Long have I lived but never have I seen
An assembly or collection of people
More faithful to their undertaking
And their allies when called upon
Than the sons of Qayla when they assembled.

Men who overthrew mountains and never submitted,
A rider who came to them split them in two
 [denoting] "Permitted", "Forbidden", of all sorts of things.
Had you believed in glory or kingship
You would have followed Tubba. 

Tubba, a non-Islamic statehood on the peninsula, was perhaps insufficient to stand against the popular tide rising in the first years of Islam, but echoing Victor Hugo's statement that "one resists the invasion of armies; one does not resist the invasion of ideas", these lines of sardonic poetry do show how a (once) mighty nation can be broken and divided at the onset of an idea – as does the breaking of a long line of Bourbons and a short line of Bonaparts in his own time and place. Of the fate of Abu Afaq we ought not to speak, or of the Jewish satirist Asma bint Marwan, who after his sudden demise chose to follow his example rather than the Prophet's, commencing a long line of true martyrs now reaching into the headquarters of a newspaper in Paris putting those same words of doubt and refusal into colourful, glib imagery. The story of Muhammed and Abu Afaq, recreating itself to and beyond this day, the thick range of allegedly exemplary behaviour embodied in the Sunnah, the perverse beyond-Ceausescu level of leader worship on which such examples and ethics thrive (the most extreme save for the actual deification of political leaders) must necessarily cast a crescent light over more recent atrocities – in Paris, amidst the ruins of Kobane and Palmyra, along the shores of Libya. The example set by this man ought never to be emulated, making the cry of Je Suis Mohamed seem more ominious still.

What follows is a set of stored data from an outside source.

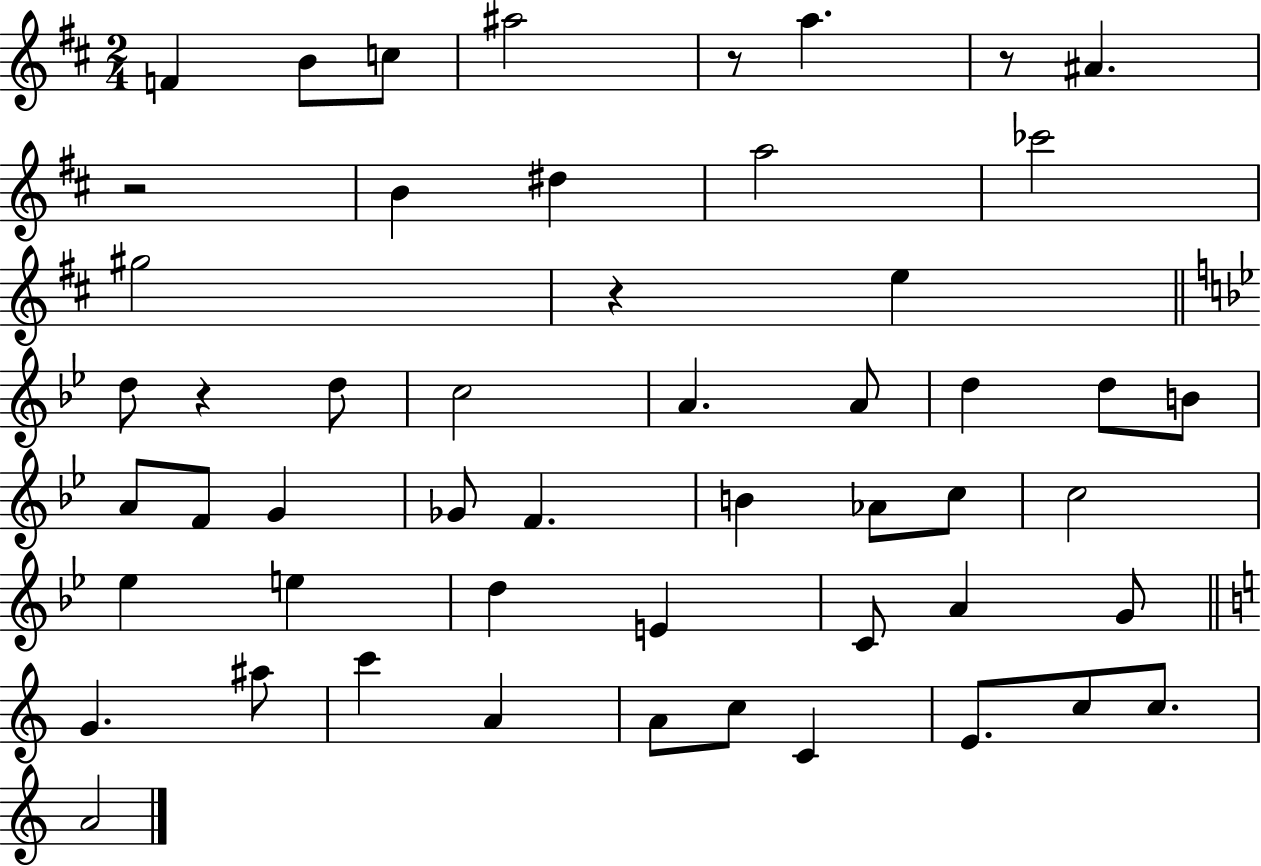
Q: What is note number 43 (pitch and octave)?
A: C4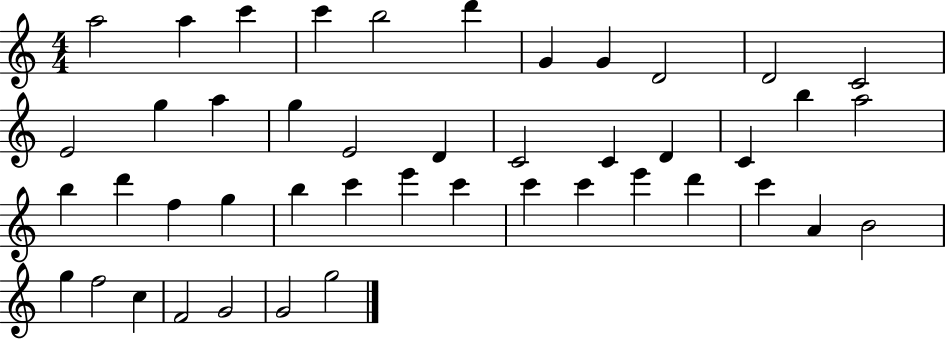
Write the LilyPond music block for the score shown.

{
  \clef treble
  \numericTimeSignature
  \time 4/4
  \key c \major
  a''2 a''4 c'''4 | c'''4 b''2 d'''4 | g'4 g'4 d'2 | d'2 c'2 | \break e'2 g''4 a''4 | g''4 e'2 d'4 | c'2 c'4 d'4 | c'4 b''4 a''2 | \break b''4 d'''4 f''4 g''4 | b''4 c'''4 e'''4 c'''4 | c'''4 c'''4 e'''4 d'''4 | c'''4 a'4 b'2 | \break g''4 f''2 c''4 | f'2 g'2 | g'2 g''2 | \bar "|."
}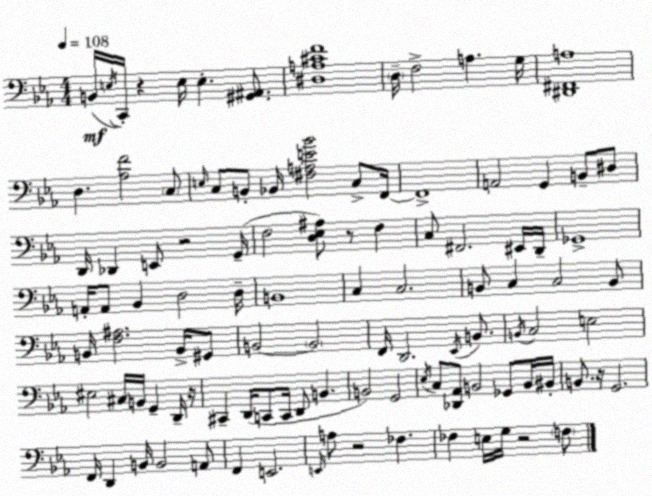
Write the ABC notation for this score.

X:1
T:Untitled
M:4/4
L:1/4
K:Eb
B,,/4 E,/4 C,,/4 z E,/4 E, [^G,,^A,,]/2 [^D,A,^CF]4 D,/4 F,2 A, G,/4 [^D,,^F,,A,]4 D, [_A,F]2 C,/2 E,/4 C,/2 B,,/2 _B,,/4 [^F,A,E_B]2 C,/2 F,,/4 F,,4 A,,2 G,, B,,/2 ^D,/2 D,,/4 _D,, E,,/2 z2 G,,/4 F,2 [D,_E,^A,]/2 z/2 F, C,/2 ^F,,2 ^E,,/4 D,,/4 _G,,4 A,,/4 A,,/2 _B,, D,2 D,/4 B,,4 C, C,2 B,,/2 C, C,2 B,,/2 B,,/4 [F,^A,]2 B,,/4 ^G,,/2 B,,2 B,,2 F,,/4 D,,2 _E,,/4 B,,/2 B,,/4 C,2 E,2 ^E,2 ^C,/4 B,,/4 G,, D,,/4 z/4 ^C,, D,,/4 C,,/2 C,,/4 D,,/2 B,, B,,2 G,,2 _E,/4 C,/2 [_D,,_A,,]/2 B,,2 _G,,/2 B,,/4 ^B,,/4 B,,/2 z/4 G,,2 F,,/4 D,, B,,/4 B,,2 A,,/2 F,, E,,2 E,,/4 A,/2 z2 _F, _F, E,/4 G,/4 z2 F,/2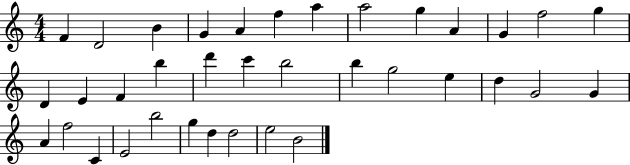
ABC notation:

X:1
T:Untitled
M:4/4
L:1/4
K:C
F D2 B G A f a a2 g A G f2 g D E F b d' c' b2 b g2 e d G2 G A f2 C E2 b2 g d d2 e2 B2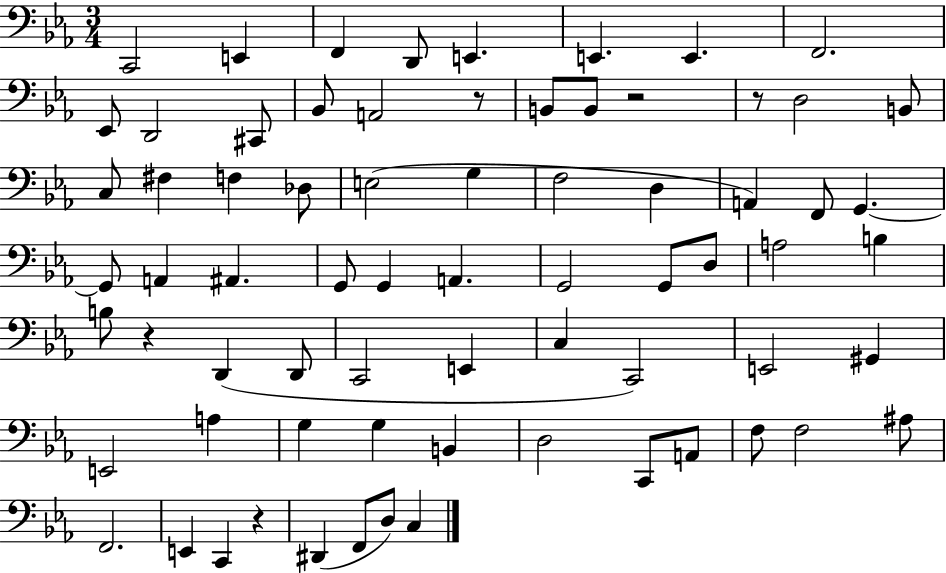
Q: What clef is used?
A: bass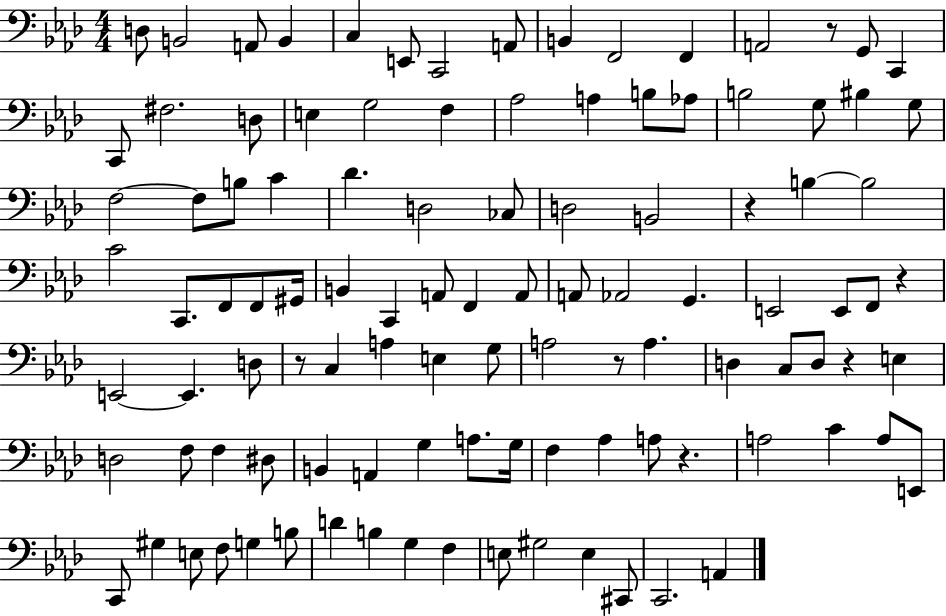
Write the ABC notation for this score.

X:1
T:Untitled
M:4/4
L:1/4
K:Ab
D,/2 B,,2 A,,/2 B,, C, E,,/2 C,,2 A,,/2 B,, F,,2 F,, A,,2 z/2 G,,/2 C,, C,,/2 ^F,2 D,/2 E, G,2 F, _A,2 A, B,/2 _A,/2 B,2 G,/2 ^B, G,/2 F,2 F,/2 B,/2 C _D D,2 _C,/2 D,2 B,,2 z B, B,2 C2 C,,/2 F,,/2 F,,/2 ^G,,/4 B,, C,, A,,/2 F,, A,,/2 A,,/2 _A,,2 G,, E,,2 E,,/2 F,,/2 z E,,2 E,, D,/2 z/2 C, A, E, G,/2 A,2 z/2 A, D, C,/2 D,/2 z E, D,2 F,/2 F, ^D,/2 B,, A,, G, A,/2 G,/4 F, _A, A,/2 z A,2 C A,/2 E,,/2 C,,/2 ^G, E,/2 F,/2 G, B,/2 D B, G, F, E,/2 ^G,2 E, ^C,,/2 C,,2 A,,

Perhaps not the "glory and kingship" of Abu Afaq, but a far preferrable example to follow. Gazing into the unknown, for one thing, far exceeds any recitation.

Revelation is not the solution, divinely inspired (?) law is certainly not the solution, unless one happens to believe in the strictly and explicitly monoculturalist (and ofttimes, it should be said, monoethnic, with all its implications) assumption preached by the Caliphate – not solely against those of us proclaimed as Kufar, who regard the work of divinely authored and perfectly memorised audiobook received during nightly intercourse with an archangel as laughable and nonsensical, but against Shia, Sufi, Kharijite, Alawite (the Ali ibn Abi Talib-worshipping fools) and any other branch deriving its creed from those very sessions of intercourse – but the necessarily critical approach to any will seeking to embody a divinely ordained will on earth, always in accordance with, if not dictated by, a personal private ethic and interest. The foehood of taboos and views derived from consensus seems here to be the greatest enemy, bent on the notion that something "a billion people deem as sacred" ought to be handled differently by the human intellect, or preferably not at all. I refuse to believe a billion people or even half that figure would swallow the claims of Muhammed if asked privately, behind a metaphorical veil of secrecy. If circumstances in the remnants of the first Caliphate were now different and secular, non-segregated education prevalent, the figure would be significantly lower still. Education and a code of law conceived from human ratio are the push and flow of an enema capable of flushing out the most long-held clusters which, stocked in sufficient quantity, build the menial blockade of theocracy. 


The Book of Mormon – not now, nor ever previously the constitution of the United States, though its teachings of revelations have influenced not only Republican nominee Mitt Romney but the inclusion of firing squads in the Utah criminal code, where it was reinstated months past.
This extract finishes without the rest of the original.